Sin embargo, a pesar de la urgencia, tras el primer pago de dos millones a RR7 –en agosto de 2020– esta mercantil dispuso de tres meses para servir las mascarillas 3M, pero nunca cumplió. Este hecho levantó sospechas entre los funcionarios del SCS, pero la ex directora de la DGRE, ordenó el segundo abono de dos millones –en octubre de 2020–  por lo que dispuso de tres meses más, un total de 24 semanas de plazo, un tiempo que se agotó sin entregar nada al SCS. Además, las empresas sólo cobraban el importe total, cuando los hospitales confirmaban el albarán del pedido como correcto, otro protocolo que se obvió con RR7.

Tras agotar los seis meses, sin entrega del material, el SCS inició el procedimiento de reintegro de los fondos, pero contando desde el segundo plazo del pago, otro hecho señalado por el fiscal. Y además, en la modificación del extinto contrato por parte del director del SCS, a RR7 se le concedió un plazo más de siete días, pero tampoco entregó otro nuevo lote de mascarillas Honeywell, han explicado en sus declaraciones.

El SCS usó una ley derogada ante el incumplimiento contractual por parte de RR7 –al no entregar las mascarillas 3M sin proceder a la devolución de los cuatro millones, ni contestar a los requerimientos y publicaciones en el BOE– la ex directora de la DGRE, Ana María Pérez, inició la resolución del contrato –el 13 de mayo de 2021, un año después de la adjudicación–. Sin embargo, Rayco, ante la extinción del contrato, propuso modificar el millón de mascarillas 3M por 1.200.000 de mascarillas Honeywell, un cambio que el director del SCS, Conrado Domínguez, aceptó sobre un contrato ya extinto, la consiguiente modificación del objeto del contrato originario, documento fechado el 16 de julio de 2021, tal como desveló elcierredigital.com.
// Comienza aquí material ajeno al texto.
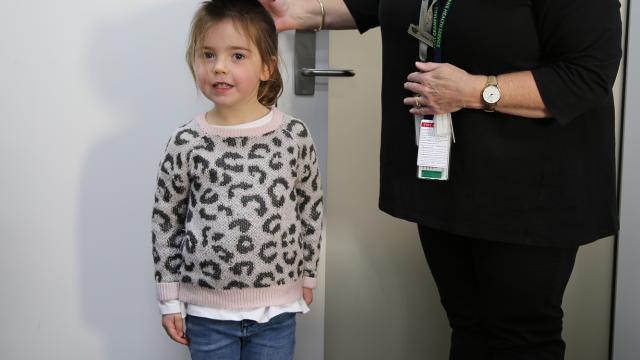 A child health nurse is assisting a child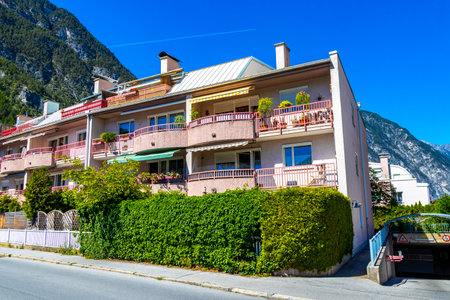 Landeck Landeck District Tyrol Austria May 30, 2025 Landeck city town with tourist streets roads people modern buildings and cars and traffic.の写真素材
Sin embargo, Conrado permitió esta modificación además, con las mismas condiciones económicas de 2020 –que adjudicó cuatro millones a cuatro euros por unidad de 3M– "lo que suponía comprar por 3,33 euros cada unidad de mascarilla Honeywell, cuando en 2021, costaban 1.20 euros precio unitario", señaló Machín.

No obstante, el fiscal Javier Ródenas inquirió al director del SCS, respecto a la extinción del contrato con RR7, y su posterior modificación, como fundamentación jurídica, en materia de contratación por la vía de emergencia, el uso del artículo 16 del Real Decreto Ley 7/2020, cuando esta normativa aplicada por el SCS había sido derogada en mayo de 2021, por tanto, no cabía su aplicación en la resolución de Conrado Domínguez, para justificar otra ‘oportunidad para Rayco’ fuera de la urgencia, a pesar de su incumplimiento.